*** Opening of Data for this exercise ***

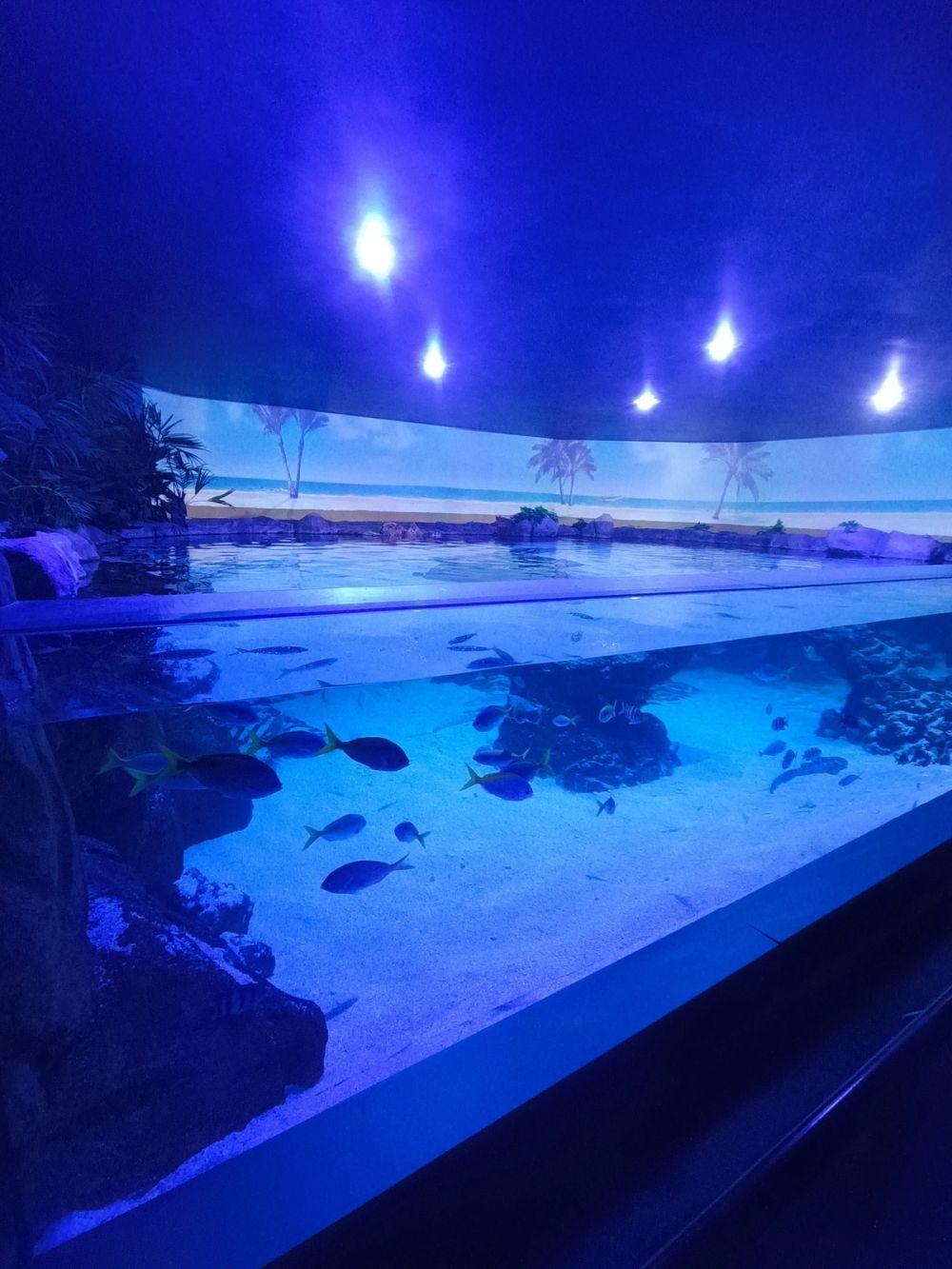Atlantus aquarium Xanadu 05-08-2023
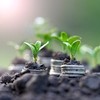 Área potencial tratada com bioinsumos alcançou 83,3 milhões de hectares na safra 2024/25 - CropLife/Divulgação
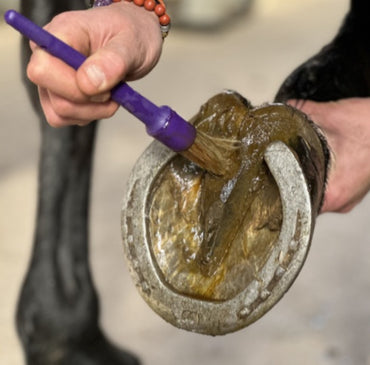 Nutragile Huile de Cade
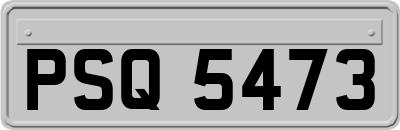 PSQ5473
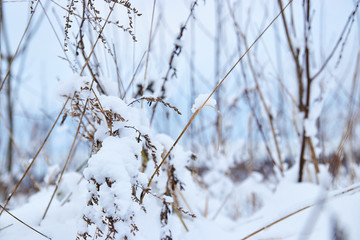 Spruce and trees with snow in the winter, snow Park. snow green tree.
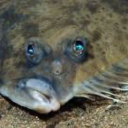 melancholeemars avatar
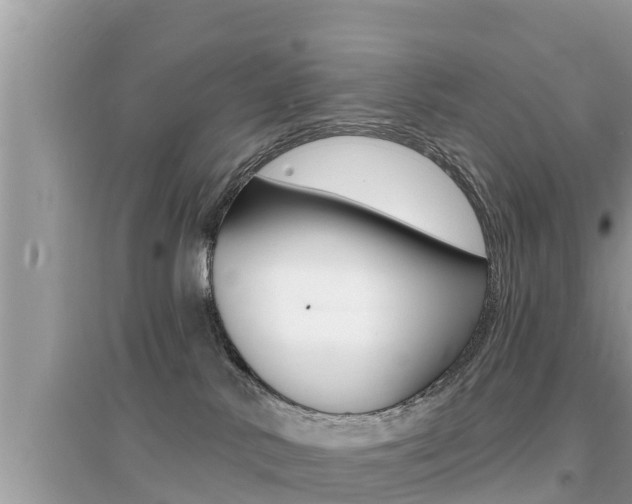X0000095110042200712070929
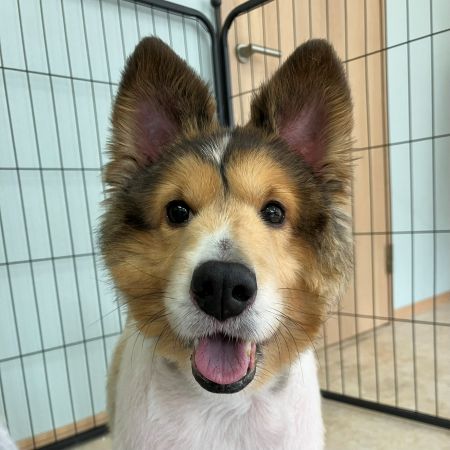 【横浜保土ケ谷店】シェットランドシープドッグ　ロイくん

*** Close of Data for this exercise ***

• Your instructions: Please restate each entry exactly, but drop any picture it holds.

• Solution for this task:
Atlantus aquarium Xanadu 05-08-2023
 Área potencial tratada com bioinsumos alcançou 83,3 milhões de hectares na safra 2024/25 - CropLife/Divulgação
 Nutragile Huile de Cade
 PSQ5473
 Spruce and trees with snow in the winter, snow Park. snow green tree.
 melancholeemars avatar
X0000095110042200712070929
 【横浜保土ケ谷店】シェットランドシープドッグ　ロイくん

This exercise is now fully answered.